As we will be travelling through central and northern Cambodia we will experience temperatures of around 26-30°C during the day but the humidity will be closer to 50% than 90% as we are traveling during the middle of the dry season.
Everything mentioned in the itinerary is included. Including three meals per day (breakfast, lunch and dinner – where mentioned). There will be an amount of bottled water (approx 1ltr) available for each guest each day. We have our own private vehicle to be driven by a local guide for transfers when needed.
All our excursions including guided walks, vehicle safaris, hide use, camping fees and park entrance fees and anti-poaching patrol fees also included; we also include all fees for our camping team including cooks, assistants and translator.
We recommend you bring along your own binoculars or spotting scope as well as appropriate clothing; which should be both light and durable walking clothes as well as a sunhat, sunglasses and warm weather clothing. Broken in and comfortable, waterproof walking boots are essential. Any medication, books or other items of a personal nature is of course up to you to bring along. Oh and please bring plenty of memory cards or film for your camera.
We provide a comprehensive species list of all the vertebrates present in the areas we are visiting as well as some of the best field guides and reference books for the areas we are visiting. There is usually a spare pair of binoculars but in a group of 4 people these do not stretch too far. We also provide a spot light for nocturnal viewing (this is subject to local condition when we arrive). Where camping all camping gear is included as well as camp cooks and assistants where needed.
Nearly everything is included in this tour.
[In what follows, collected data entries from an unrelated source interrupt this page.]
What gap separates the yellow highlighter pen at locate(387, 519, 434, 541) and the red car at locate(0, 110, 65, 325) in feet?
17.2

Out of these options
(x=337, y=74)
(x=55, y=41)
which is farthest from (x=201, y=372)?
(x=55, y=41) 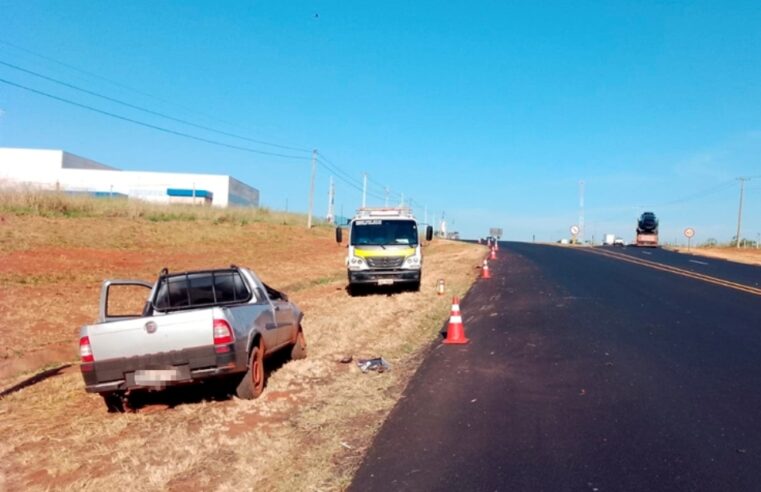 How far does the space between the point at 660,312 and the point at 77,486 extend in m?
12.0

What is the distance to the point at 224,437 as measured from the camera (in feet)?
21.4

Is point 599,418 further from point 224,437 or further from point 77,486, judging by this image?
point 77,486

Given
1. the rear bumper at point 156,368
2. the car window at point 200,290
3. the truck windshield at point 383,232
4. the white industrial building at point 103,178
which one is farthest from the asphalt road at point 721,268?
the white industrial building at point 103,178

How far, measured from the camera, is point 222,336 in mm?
7395

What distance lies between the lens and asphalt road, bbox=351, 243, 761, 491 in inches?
202

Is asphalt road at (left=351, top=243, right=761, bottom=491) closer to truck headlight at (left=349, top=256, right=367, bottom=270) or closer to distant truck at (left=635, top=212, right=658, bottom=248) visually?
truck headlight at (left=349, top=256, right=367, bottom=270)

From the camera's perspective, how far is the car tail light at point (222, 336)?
7.37 m

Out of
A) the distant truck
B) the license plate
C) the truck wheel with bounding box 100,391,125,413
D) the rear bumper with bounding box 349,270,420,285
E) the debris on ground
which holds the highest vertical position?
the distant truck

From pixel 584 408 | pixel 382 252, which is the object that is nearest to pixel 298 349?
pixel 584 408

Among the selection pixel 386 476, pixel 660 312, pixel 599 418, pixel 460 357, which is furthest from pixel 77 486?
pixel 660 312

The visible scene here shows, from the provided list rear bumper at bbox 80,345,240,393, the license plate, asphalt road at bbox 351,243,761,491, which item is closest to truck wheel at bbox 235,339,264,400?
rear bumper at bbox 80,345,240,393

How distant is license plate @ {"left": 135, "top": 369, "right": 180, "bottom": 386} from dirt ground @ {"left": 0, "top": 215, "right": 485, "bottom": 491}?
46 centimetres

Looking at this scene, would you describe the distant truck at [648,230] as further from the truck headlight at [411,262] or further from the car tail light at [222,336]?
the car tail light at [222,336]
The only things not included are international flights, travel insurance (contact us for more information one what is required from your insurance policy), any food bought outside of the three main meals, drinks outside of any offered with the meals and the bottled water provided each day and any items of a personal nature such as souvenirs and tips. Any applicable departure taxes and not included (but maybe included in the cost of your flights). Please check before departure.
As we are based in Manchester we recommend flights from Manchester International Airport
We recommend KLM or Air France as a good airline for flights to Cambodia. One of the best websites to search for the best fares for these flights is www.odopo.co.uk; who are IATA accredited this is a link direct to their site. Please check our terms and conditions regarding booking flights.
Please contact us for more information about flights and we can provide you with a link direct to the flights from another supplier; in which case you only have to enter the passenger information and payment details. By using the above link you will leave our site and we at Royle Safaris hold no responsibility for the content on the site.
All UK passport holders and most other nationalities are required to have a visa for Cambodia. These are both available in advance and on arrival. The easiest way to find information is by visiting https://www.gov.uk/foreign-travel-advice/cambodia/entry-requirements (be aware that this link leaves our site and we at Royle Safaris hold no responsibility for information on the site). A tourist visa costs around USD $30 for a single entry visa which is valid for 30 days, however things change so please check out the website above for more information. You also need to bring a passport picture with you.
There are no mandatory vaccinations needed to visit Cambodia, but it is recommended to be protected against polio, typhoid, tetanus and hepatitis A & B, Yellow Fever, MMR, Rabies as well as taking malaria prophylaxis. Please consult your GP about your individual requirements for visiting Cambodia as soon as you have decided on this trip.